Sure. I have heard this now so many time here. To me however Kafka the software ...

jpgvm · on Oct 12, 2020

I think Kafka inherits too much of this "heinously complex" reputation from Zookeeper (which itself is also not heinously complex, just some people have an allergy to either JVM, ZAB or both).

Internally it's one of the simpler pieces of software I rely on. It's base API is small and effective and works "as you would expect". Replication uses the same fetch API consumers use, because why wouldn't it? Controller election uses tried and true ZK patterns, it's log storage is pretty simple, even the compaction logic is understandable.

To be fair I have spent a lot of time with it, patched it and it's pretty much the core of my toolbox but I don't think this is a controversial opinion among data infrastructure engineers. Compared to other software we work with Kafka is some of the simpler, dumber stuff which is refreshing.

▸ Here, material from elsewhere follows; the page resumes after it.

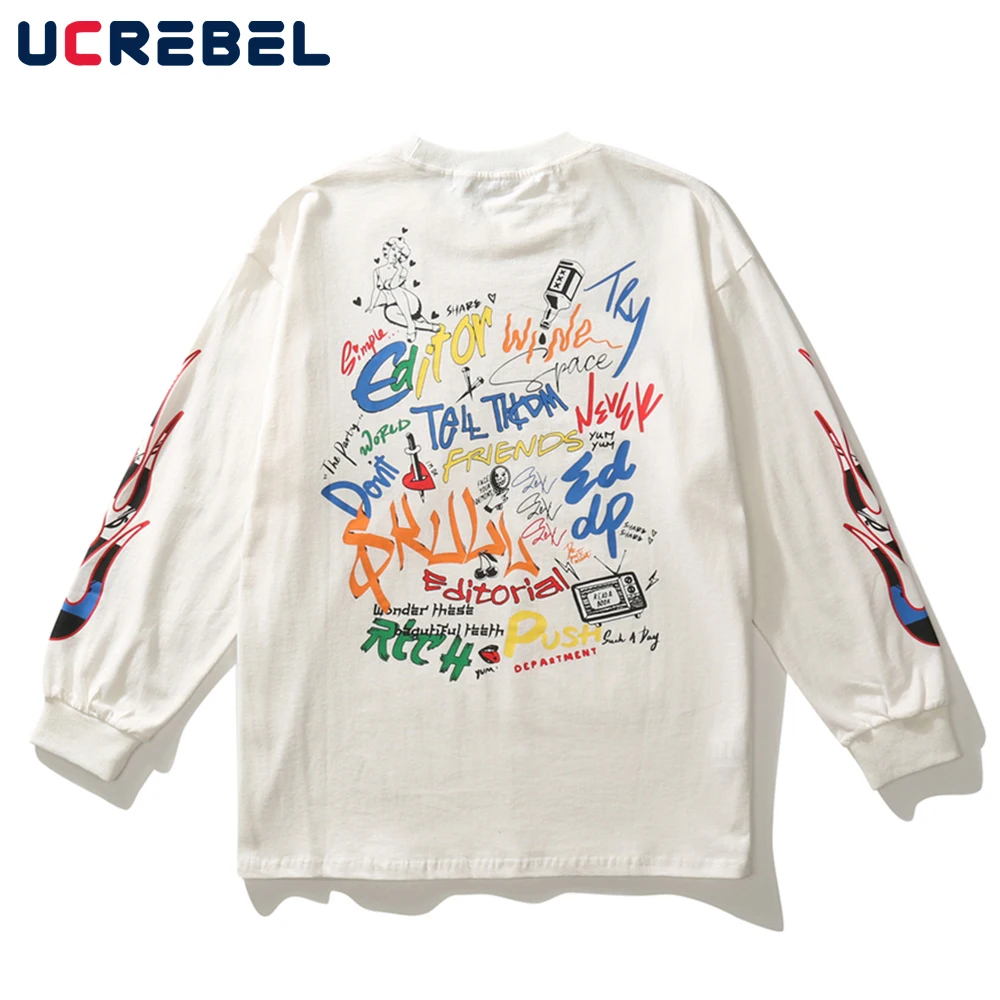 Letter Graffiti Print Long Sleeve T-shirt Mens Autumn Crew Neck Cotton Tee Streetwear Casual Loose T Shirt Men 
Letter Graffiti Print Long Sleeve T-shirt Mens Autumn Crew Neck Cotton Tee Streetwear Casual Loose T Shirt Men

On the other hand I really want to learn Pulsar but it definitely is more complex, my hope is that complexity pays off with big architectural advantages but we will see. :)

On the topic of what to use it for chances are if you don't know what it's for you probably don't have the problems it's meant to solve. I don't mean that in a derogatory way just that it's designed for large distributed architectures where many interested parties want to consume the same data. Or where a small number of very high throughput applications need a buffered transport that can take the load and spill to disk etc. I.e it is inherently niche, most companies don't have these problems.

prerok · on Oct 12, 2020

We came for the gems but all we got is shards :)

nullsense · on Oct 12, 2020

It's named Kafka because LinkedIn's data access story was Kafkaesque and they wanted a way to wrangle it, so they wrote a tool to do that and named it Kafka.

It's good if you have a use for it.